Pilgrimage in Kush

The Isis Temple at Philae

Isis Temple at Philae.
Painting of the Isis Temple at Philae. David Roberts, 1838. Wikimedia Commons.

The traditional boundary between Egypt and Nubia was at Aswan, where a series of islands and rapids called the 1st Cataract made boat travel difficult. At the southern end of the cataract is a small island called Philae. Philae was the site of a large temple to Isis, an Egyptian goddess also worshipped in Kush.

The Isis Temple at Philae had a close relationship with Kush. Its construction is attributed to King Taharqo (690–664 BCE), one of the rulers of the Kushite 25th Dynasty. Later, during the Ptolemaic period (332–30 BCE), the Greek kings who ruled Egypt rebuilt the temple on a monumental scale. This version of the temple faced south toward Kush and included chapels dedicated to the Kushite gods Arensnuphis and Mandulis. Some priests of this later Isis Temple were appointed by the kings of Kush.

The temple was also a major pilgrimage center.
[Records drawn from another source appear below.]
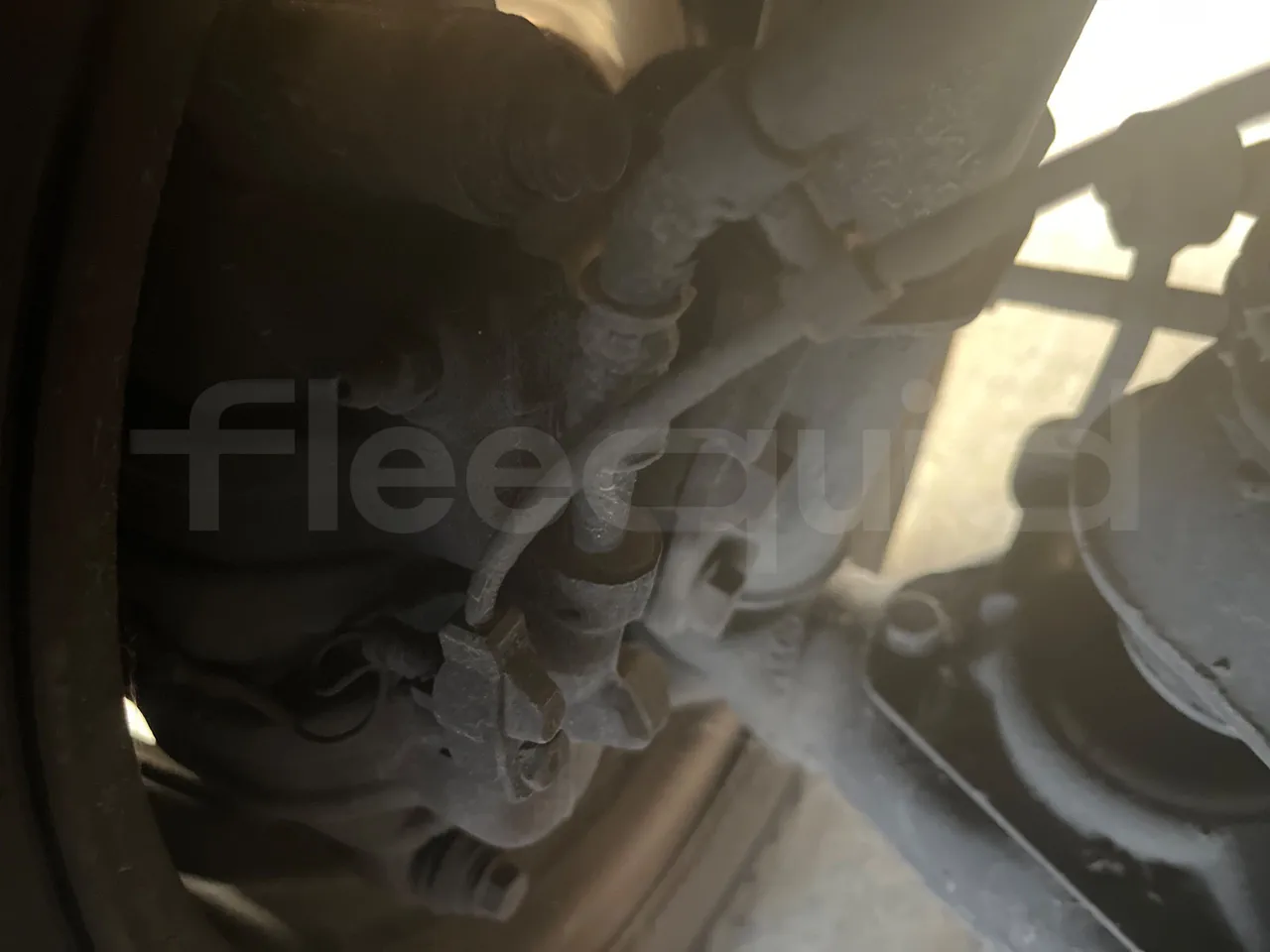 Mercedes-Benz Sprinter 416CD - EUR3 - 115kW - 6.595m - front brake calipers left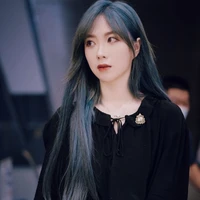 Trịnh Đan Ny "em cô"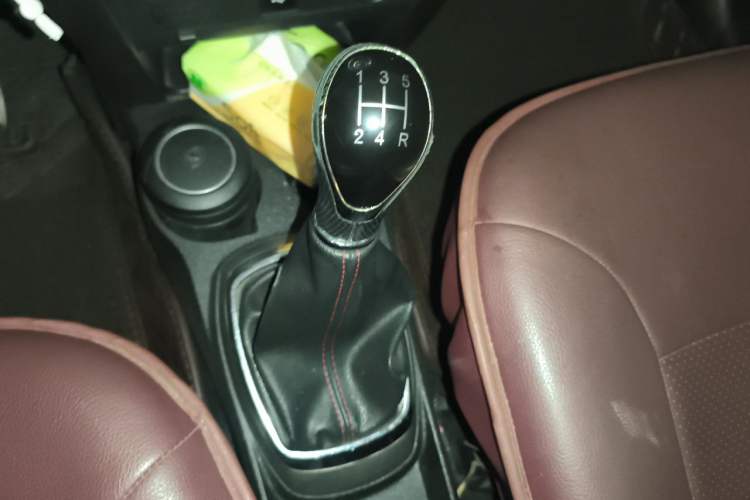 Used Great Wall M4 2014 1.5L Manual Comfort Model Gear Lever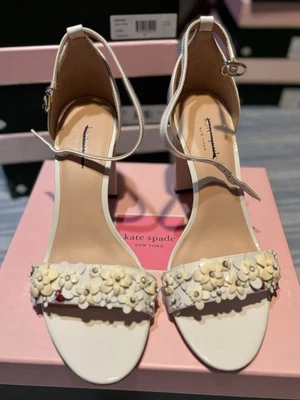Sandalias Kate Spade New York para mujer de tacón ancho ópticas blancas florales - talla 6,5,9,5 Foto 1 de 4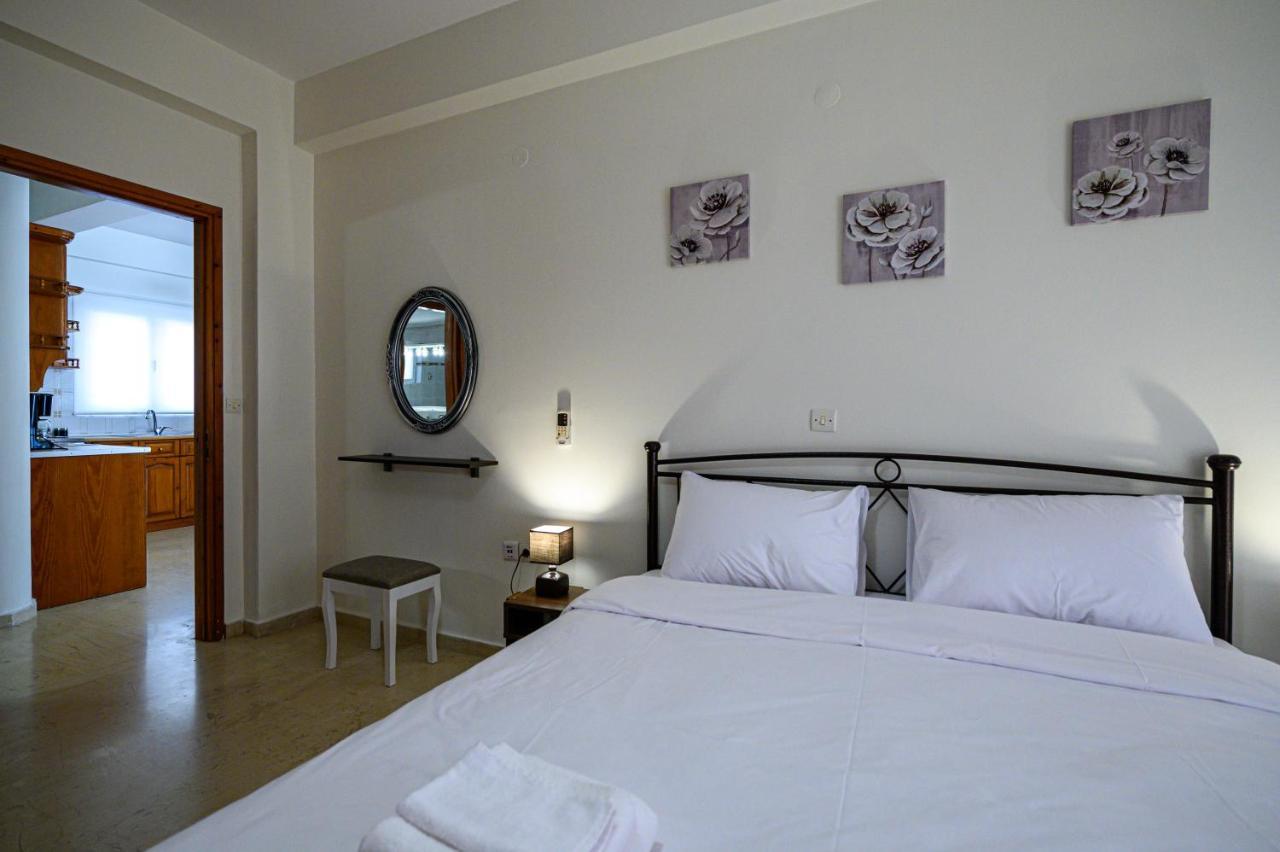 Oliva Apartment Kalamata Exterior foto
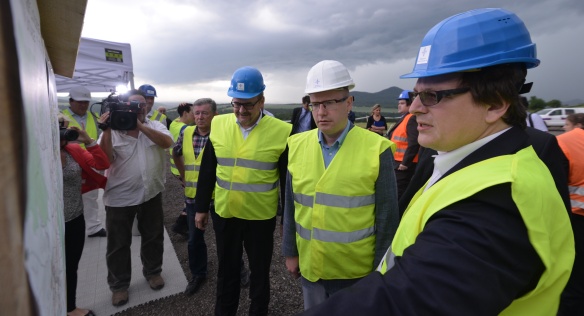 Premiér Bohuslav Sobotka v sobotu 13. června 2015 společně s ministrem doprava Danem Ťokem navštívili místo sesuvu půdy na dálnici D8.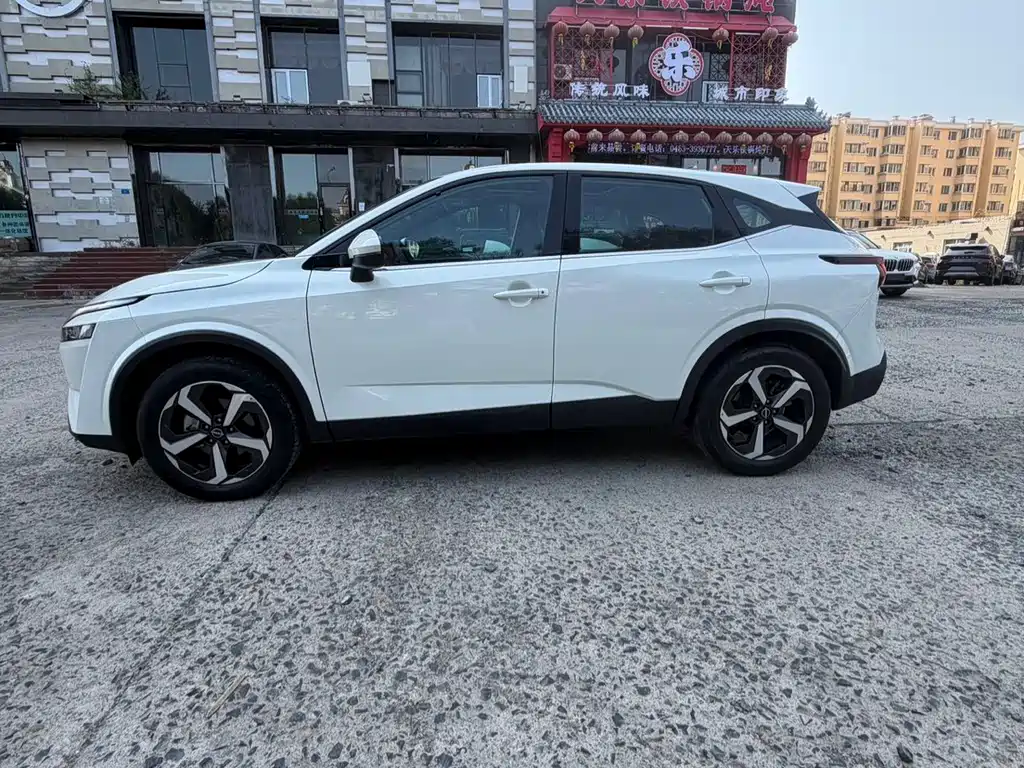 Qashqai 2023 1.3T CVT Deluxe Edition купить на сайте DeffCars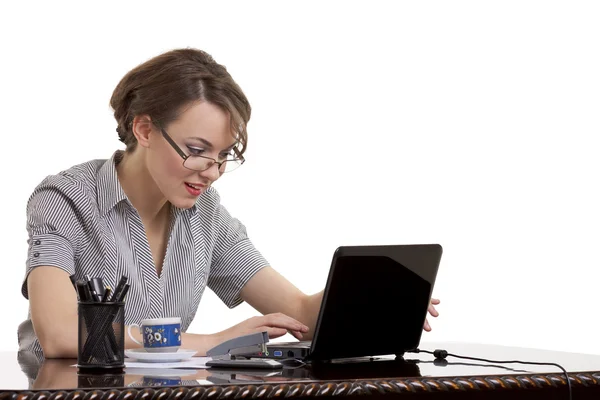 Усміхнена ділова жінка працює на ноутбуці — стокове фото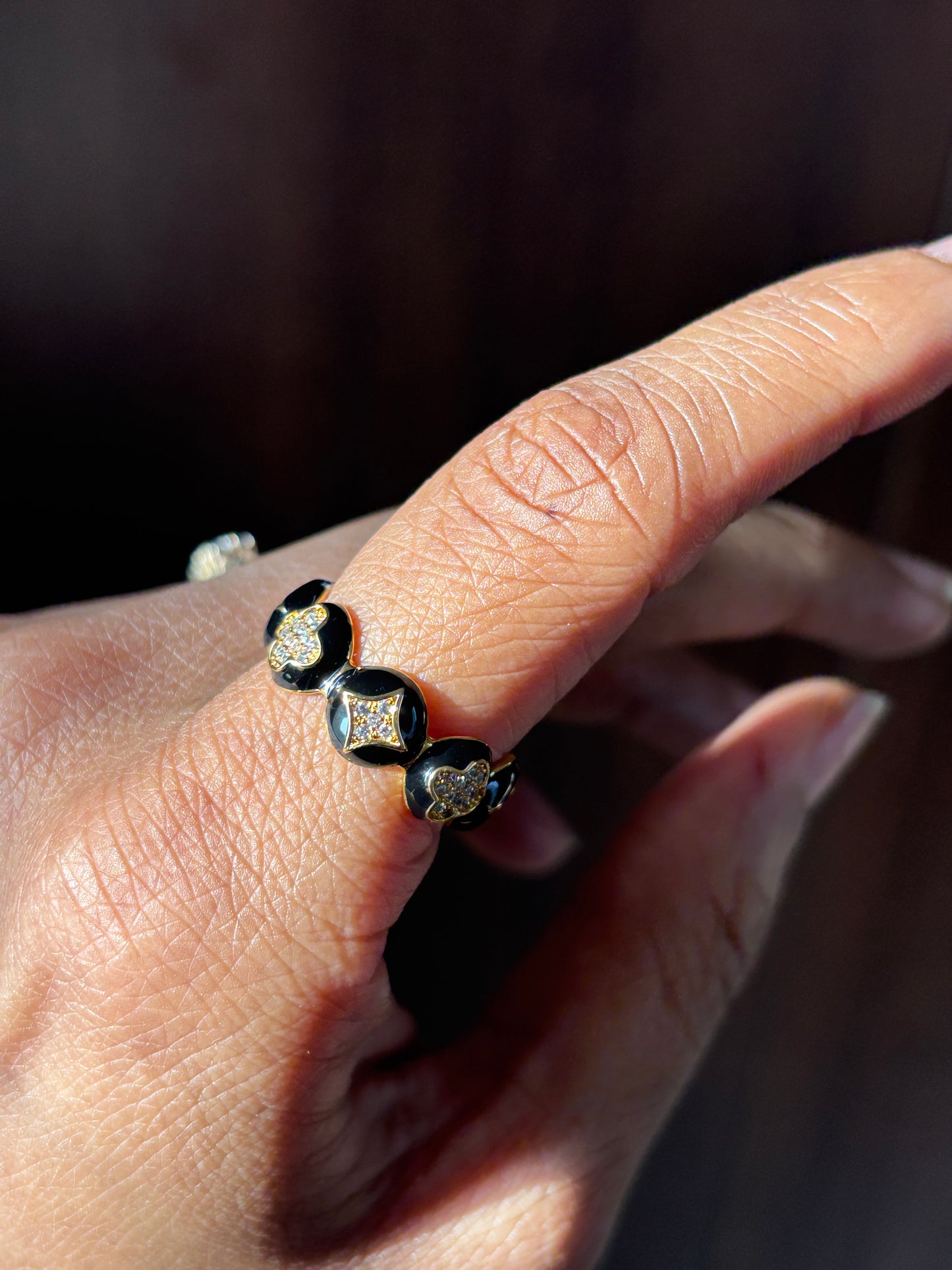 Black Clover Ring Band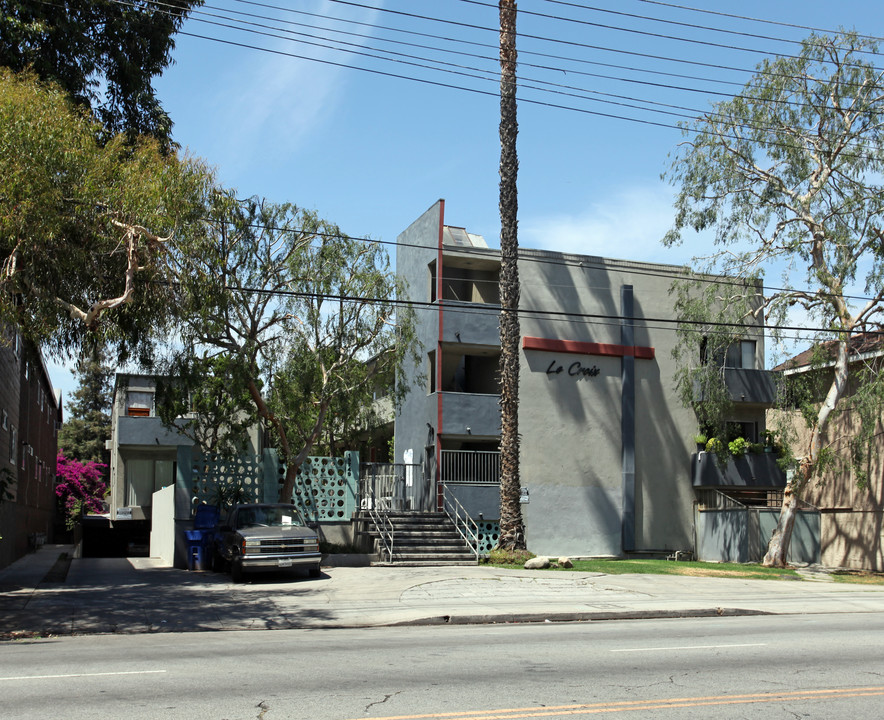 La Croix Apartments in Van Nuys, CA - Building Photo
It has more than 1,000 textual graffiti written in a variety of scripts, including the Meroitic script of later Kush. Some of these say that visitors had been sent by the king of Kush in Meroe, 725 kilometers (450 miles) to the south. There are also figural graffiti that include boats and footprints, symbolizing the journey from Meroe. Other images show human figures, animals, and offering tables.